Watch the lefty rhetorical swivel

That well known dance move:

But after its experts visited Britain for their annual survey, the IMF also warned of “significant” risks that growth will remain feeble and unemployment “unacceptably high”.

Some economists have said that, if the economy does stall, Mr Osborne should be prepared to relax his programme of cuts to borrow more and spend more.

By contrast, the IMF said that in such a scenario, the economy should be stimulated with a combination of more “quantitative easing” from the Bank of England and “temporary tax cuts” for businesses and low-income households.

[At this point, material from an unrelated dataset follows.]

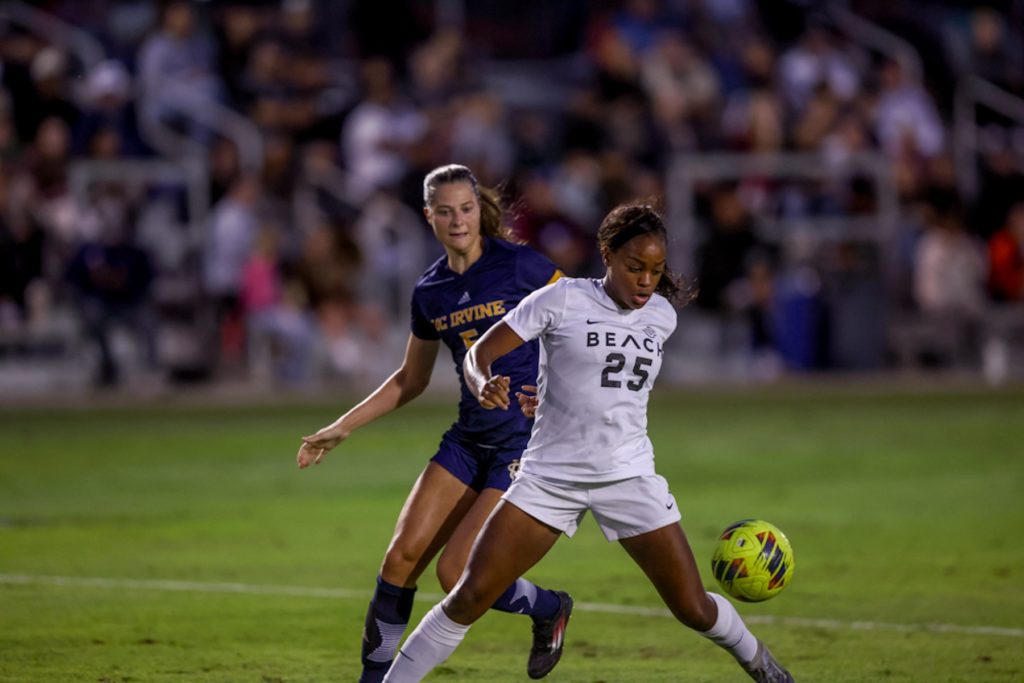 2025 10 05 562 wsoc lbsuvsuci 031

For before the IM turned up all were hoping that they would say there must be a Plan B. One which increased spending. Now the IM has indeed offered a Plan B, one which suggests cutting taxes, of course the IMF will revert to just being neo-liberal bastards who don\’t know their arse from their elbow.

The reaswon the IMF gives seems logical:

Tax cuts would be “faster to implement and more credibly temporary” than any move to increase public spending, it said.

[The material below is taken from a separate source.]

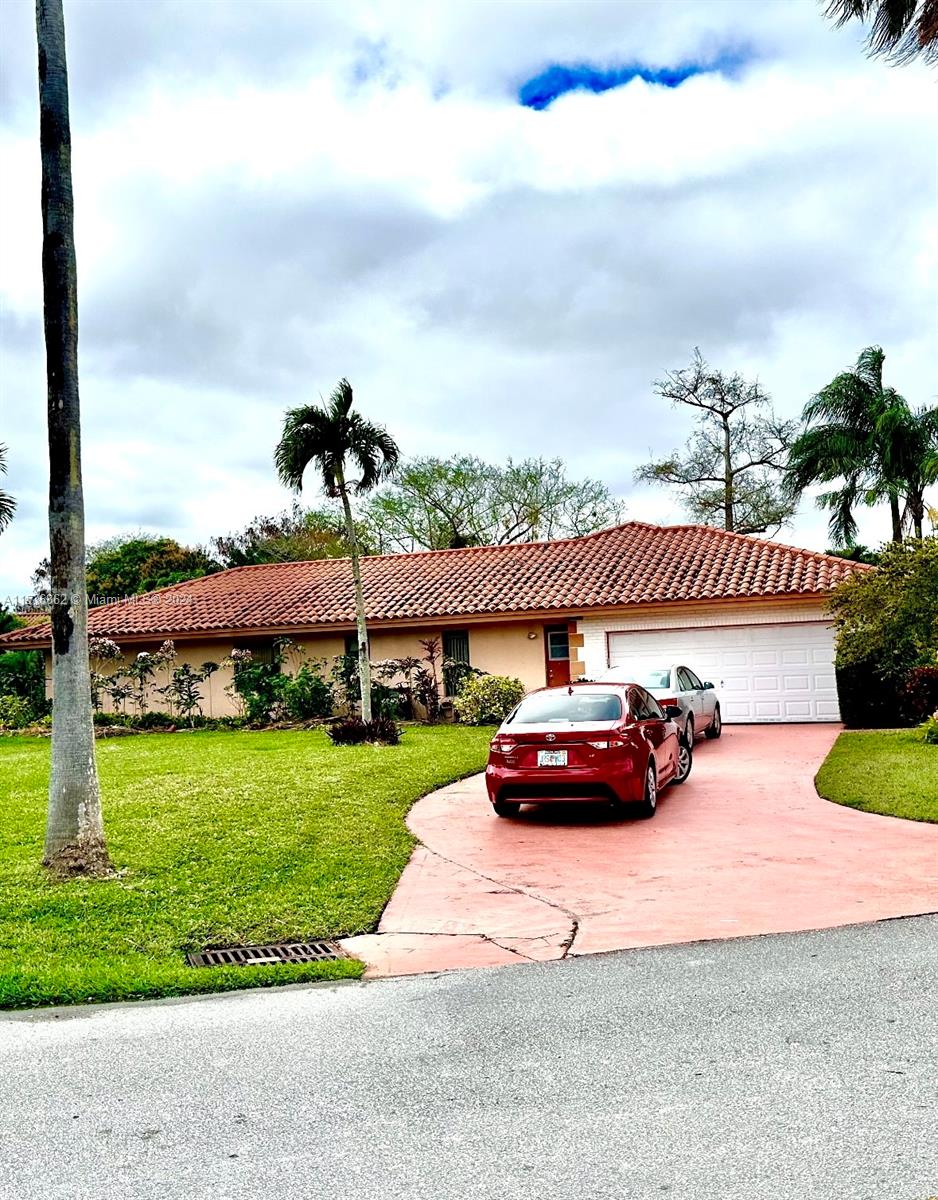 Tamarac, Florida 33321, 4 Bedrooms Bedrooms, ,2 BathroomsBathrooms,Residential,For Sale,A11536862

Quite. It is much faster to cut, say, national insurance payments than it is to gear up Whitehall to spend more. And it\’s a great deal more easily reversed as well.

But it\’s the State having less money to spend which is why it\’ll be rejected even by those who insist that there should be more fiscal expansion. Despite the fact that Keynes himself supported exactly that, the reduction of payroll taxes as a method of fiscal expansion. No, really, he did.

3 comments on “Watch the lefty rhetorical swivel

  1. One could watch the yardarm coming across on Comment Is Free during the press conference. A week or two back the IMF was a beacon of global coordination staffed with the finest economi minds in the world, and it was a shameful disgrace that Cameron had stymied McBroon’s angling for the top job. Within five minutes of it supporting Plan A it was a disgusting neo-con thinking shop stuffed with second rate economists from Chicago and Harvard, worthy of no further consideration.

  2. Is it really more easily reversed than say a one-off payment of £300? In some ways they are quite similar, I realise, but in the US they haven’t managed to reverse temporary tax cuts for years now.

  3. Well, that may be due to the fact that many hoped/thought that they would be “permanent”. Anyway, is a term of 8 years “temporary”?